Freitag, 22. Oktober 2010

Neue Stresstests nach betrügerischen Zwangsvollstreckungen?

Wie viel Schaden ist aus dem Zwangsvollstreckungsmorast für das Finanzsystem zu erwarten?, schreibt Simon Johnson in einem lesenswerten Essay („Time for Some New Stress Tests for Banks“) in NYT. Eine Entwicklung, in der es um Anschuldigungen des systematischen und bewussten Fehlverhaltens der Banken geht, welche durch sog. „robo-signing“ (oder auch „robo-dockets“ genannt) wie am Fliessband täglich mehrere hundert Dokumente zur Zwangsräumung angefertigt haben, um Kunden unrechtmässig aus ihren Häusern zu vertreiben. Der Schaden für den Ruf der Banken ist unermesslich, bemerkt der ehem. Chefökonom des IWF: „Die Banken haben Eigentumsrechte untergraben und die Kunden in einer völlig inakzeptabler Weise misshandelt“. Wenn die Leute die Notwendigkeit einer neuen Verbraucherschutz-Behörde im Umgang mit Finanzprodukten und die Bedeutung einer klar denkenden Reformerin wie Elizabeth Warren auf deren Spitze bisher bezweifelt haben, sind sie jetzt vermutlich durch die jüngsten Ereignisse zum Schweigen gebracht worden, argumentiert Johnson.

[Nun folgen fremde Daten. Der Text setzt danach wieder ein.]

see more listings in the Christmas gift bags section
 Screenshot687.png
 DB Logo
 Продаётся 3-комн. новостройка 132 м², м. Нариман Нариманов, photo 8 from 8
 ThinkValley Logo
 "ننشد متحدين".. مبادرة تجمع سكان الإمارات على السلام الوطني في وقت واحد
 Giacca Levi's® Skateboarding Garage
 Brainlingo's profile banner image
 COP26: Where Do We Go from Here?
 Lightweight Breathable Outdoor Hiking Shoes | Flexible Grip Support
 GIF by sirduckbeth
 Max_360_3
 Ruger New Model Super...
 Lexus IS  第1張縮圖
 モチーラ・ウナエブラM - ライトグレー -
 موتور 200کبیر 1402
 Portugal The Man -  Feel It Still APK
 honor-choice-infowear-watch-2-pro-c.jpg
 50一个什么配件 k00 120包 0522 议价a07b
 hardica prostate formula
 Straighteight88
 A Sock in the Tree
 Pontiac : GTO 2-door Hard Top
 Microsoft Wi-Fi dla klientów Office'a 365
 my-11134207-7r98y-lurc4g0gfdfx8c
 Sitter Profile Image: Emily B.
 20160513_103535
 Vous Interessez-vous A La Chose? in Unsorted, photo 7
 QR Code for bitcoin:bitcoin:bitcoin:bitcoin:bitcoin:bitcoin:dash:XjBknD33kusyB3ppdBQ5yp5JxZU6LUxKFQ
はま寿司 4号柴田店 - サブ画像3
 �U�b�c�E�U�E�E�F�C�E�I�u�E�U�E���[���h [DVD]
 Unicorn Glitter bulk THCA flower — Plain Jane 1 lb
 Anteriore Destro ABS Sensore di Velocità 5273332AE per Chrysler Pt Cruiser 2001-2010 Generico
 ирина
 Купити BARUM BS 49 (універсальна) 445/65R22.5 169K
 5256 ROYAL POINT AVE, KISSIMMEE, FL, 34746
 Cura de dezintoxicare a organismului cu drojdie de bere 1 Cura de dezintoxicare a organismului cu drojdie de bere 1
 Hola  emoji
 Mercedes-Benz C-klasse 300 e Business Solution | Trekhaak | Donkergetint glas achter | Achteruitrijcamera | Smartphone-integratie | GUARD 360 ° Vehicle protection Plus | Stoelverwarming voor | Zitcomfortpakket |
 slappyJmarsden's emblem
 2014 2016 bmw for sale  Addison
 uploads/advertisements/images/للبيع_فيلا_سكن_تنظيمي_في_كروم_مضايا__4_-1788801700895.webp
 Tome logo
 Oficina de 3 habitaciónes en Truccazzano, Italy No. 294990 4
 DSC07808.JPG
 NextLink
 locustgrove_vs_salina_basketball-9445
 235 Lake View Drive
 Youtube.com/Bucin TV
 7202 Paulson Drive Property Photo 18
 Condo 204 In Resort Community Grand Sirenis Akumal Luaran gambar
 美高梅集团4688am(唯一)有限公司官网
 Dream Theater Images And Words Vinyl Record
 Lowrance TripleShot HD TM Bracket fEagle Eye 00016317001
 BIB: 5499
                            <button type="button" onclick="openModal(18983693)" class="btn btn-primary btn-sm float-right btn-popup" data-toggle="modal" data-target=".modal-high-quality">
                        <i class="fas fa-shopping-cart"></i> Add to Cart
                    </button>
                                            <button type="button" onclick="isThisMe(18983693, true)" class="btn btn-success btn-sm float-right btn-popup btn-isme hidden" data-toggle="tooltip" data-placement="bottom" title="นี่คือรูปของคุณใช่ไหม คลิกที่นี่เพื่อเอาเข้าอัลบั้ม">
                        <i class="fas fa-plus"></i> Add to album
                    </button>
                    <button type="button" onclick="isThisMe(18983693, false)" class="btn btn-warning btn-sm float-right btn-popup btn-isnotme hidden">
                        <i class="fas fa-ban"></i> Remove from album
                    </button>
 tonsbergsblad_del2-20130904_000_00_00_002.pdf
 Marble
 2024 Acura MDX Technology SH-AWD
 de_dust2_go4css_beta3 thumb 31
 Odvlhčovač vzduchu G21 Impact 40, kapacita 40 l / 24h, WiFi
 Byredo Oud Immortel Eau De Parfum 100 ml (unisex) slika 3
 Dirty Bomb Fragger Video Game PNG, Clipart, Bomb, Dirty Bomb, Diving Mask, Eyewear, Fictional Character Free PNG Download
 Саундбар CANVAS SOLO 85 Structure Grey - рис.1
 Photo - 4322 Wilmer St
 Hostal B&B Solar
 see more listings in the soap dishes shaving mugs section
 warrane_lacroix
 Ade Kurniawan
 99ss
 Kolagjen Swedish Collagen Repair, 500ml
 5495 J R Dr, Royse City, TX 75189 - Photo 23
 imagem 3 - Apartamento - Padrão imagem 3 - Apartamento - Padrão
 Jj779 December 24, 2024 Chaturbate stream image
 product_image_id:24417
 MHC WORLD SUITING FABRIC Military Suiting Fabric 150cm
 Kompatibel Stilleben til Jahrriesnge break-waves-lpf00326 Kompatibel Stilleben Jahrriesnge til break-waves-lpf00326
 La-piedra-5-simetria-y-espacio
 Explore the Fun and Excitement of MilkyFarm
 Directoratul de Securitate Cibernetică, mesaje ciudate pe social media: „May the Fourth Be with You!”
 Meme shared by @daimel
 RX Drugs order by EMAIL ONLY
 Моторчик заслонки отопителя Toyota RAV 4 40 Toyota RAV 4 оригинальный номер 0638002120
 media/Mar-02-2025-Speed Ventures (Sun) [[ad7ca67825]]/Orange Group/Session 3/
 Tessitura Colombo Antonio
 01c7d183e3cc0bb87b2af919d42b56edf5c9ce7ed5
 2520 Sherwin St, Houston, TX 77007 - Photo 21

Eine systemische Krise („Foreclosure Fraud For Dummies“), Graph: Mike Konczal in Rortybomb

Was sind aber die Kosten in Form von zusätzlich wahrscheinlichen Verlusten für die Grossbanken? Die wahrscheinliche Grösse und die Art führen zu genau der Art von systemischen Risiken, womit sich die kürzlich gegründete „Financial Stability Oversight Council“ zu befassen hat, erläutert der an der MIT Sloan lehrende Wirtschaftsprofessor. Es ist schwer, zu wissen, wie die genauen Zahlen für die Verluste am Ende aussehen werden. Es bleibt viel Unsicherheit über die grundlegenden Eckwerte des Zwangsverstreckungsproblems. Viele intelligente Menschen suchen nach Wegen, um die Banken zu verklagen, insbesondere sie zu zwingen, die Wertpapiere zum Nominalwert zurückzukaufen, welche v.a. basierend auf Täuschung ausgegeben worden sind. Das ist eine sich schnell entwickelnde Situation, in der jeden Tag potenzielle bedeutende Nachrichten kommen. Aber der Konsens sei so, dass die Verluste sich auf 50 Mrd. $ bis 100 Mrd. $ belaufen. Das sind „neue“, von den Banken bisher nicht anerkannte Verluste, betont Johnson. Die meisten davon betreffen die sog. „put backs“ an die Banken von Fannie Mae und Freddie Mac, d.h. dass die Banken gezwungen sind, die zugrunde liegenden Wertpapiere auf ihre Bücher zu nehmen, und damit die einschlägigen Verluste zu absorbieren, fall es sich dabei um signifikante Verfälschung von Dokumenten handelt, legt Johnson dar. Das Kapital ist der Puffer, den die Banken gegen Verluste halten. Und die Banken wollen heute ihr Kapital nicht mehr erhöhen. Die Führungskräfte haben Angst über möglicherweise unzureichendes Kapital, was die Verfügbarkeit von Krediten betrifft, selbst für kreditwürdige Kreditnehmer. Das ist genau das, was die wirtschaftliche Erholung nicht braucht, hält Johnson fest.

Der beste Ansatz wäre, eine neue Reihe von Stresstest durchzuführen, resultierend in der Forderung, dass die Bank of America und vielleicht auch andere Banken ihr Kapital um einen bestimmten Betrag erhöhen und zusichern, dass die anderen Banken über genügend Kapital verfügen, auch im Rahmen von „Basel III“-Anforderungen, argumentiert Johnson. Der Financial Stability Oversight Council hat genügend Macht, solche Stresstest anzuordnen und zu organisieren. Der Zwangsvollstreckungs-Morast stellt eindeutig ein systemisches Risiko dar, hebt Johnson hervor. Die Stresstests von 2009 haben die Möglichkeit von grossen Verlusten, die aus einem Rechtsstreit um Mortgage-Backed Securities (MBS: Hypothekenbesicherte Wertschriften) hervorgehen, nicht geprüft.